After the war, he wrote Šesté jaro [Sixth Spring], a 252-page book describing the years he spent in prison and containing photographs that he took shortly after liberation. The book was published in 1946. Jírů's contemporaries, including the Czech writer Karel Konrád who wrote the preface to the second edition, characterized Šesté jaro as a dokumentární román ("documentary novel"). A reviewer for Books Abroad wrote that Jírů's "sketchy, staccato manner is well fitted to a vigorous account of his six horrible years under the Nazis". He continued to work on several books and photography collections in the late 1940s: Raf (1947), Slunečné pobřeží Jugoslavie [The Sunny Coast of Yugoslavia] (1948), and Zrcadlo života [The Mirror of Life] (1949). During this time, he was active in several regional artists' groups and was known for his photographs of Prague.

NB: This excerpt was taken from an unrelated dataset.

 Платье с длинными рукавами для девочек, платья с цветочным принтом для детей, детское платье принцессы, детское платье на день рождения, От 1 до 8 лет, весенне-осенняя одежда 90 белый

Jírů worked at the socialist photography magazine Nová fotografie from 1950 until it stopped publication in 1952. He chaired the editorial board of the magazine's successor, Československá fotografie, until 1957, and from 1954 to 1957 he was also the director of Tisková, ediční a propagační služba místního hospodářství, a Czech publishing house. In 1957, he founded Fotografie, an influential quarterly magazine featuring works by both Czech and foreign photographers, reviews, and news items. Jírů was the editor-in-chief of Fotografie until 1972 and succeeded by Daniela Mrázková. That same year he was elected chairman of the Union of Czech Photographers, and remained in the position for the rest of his life.

Jírů died in Prague on 28 June 1980, at the age of 69. His work is included in the collections of the Moravian Gallery in Brno, the Museum Folkwang, the Museum of Decorative Arts in Prague, the Museum of Fine Arts Houston, and more.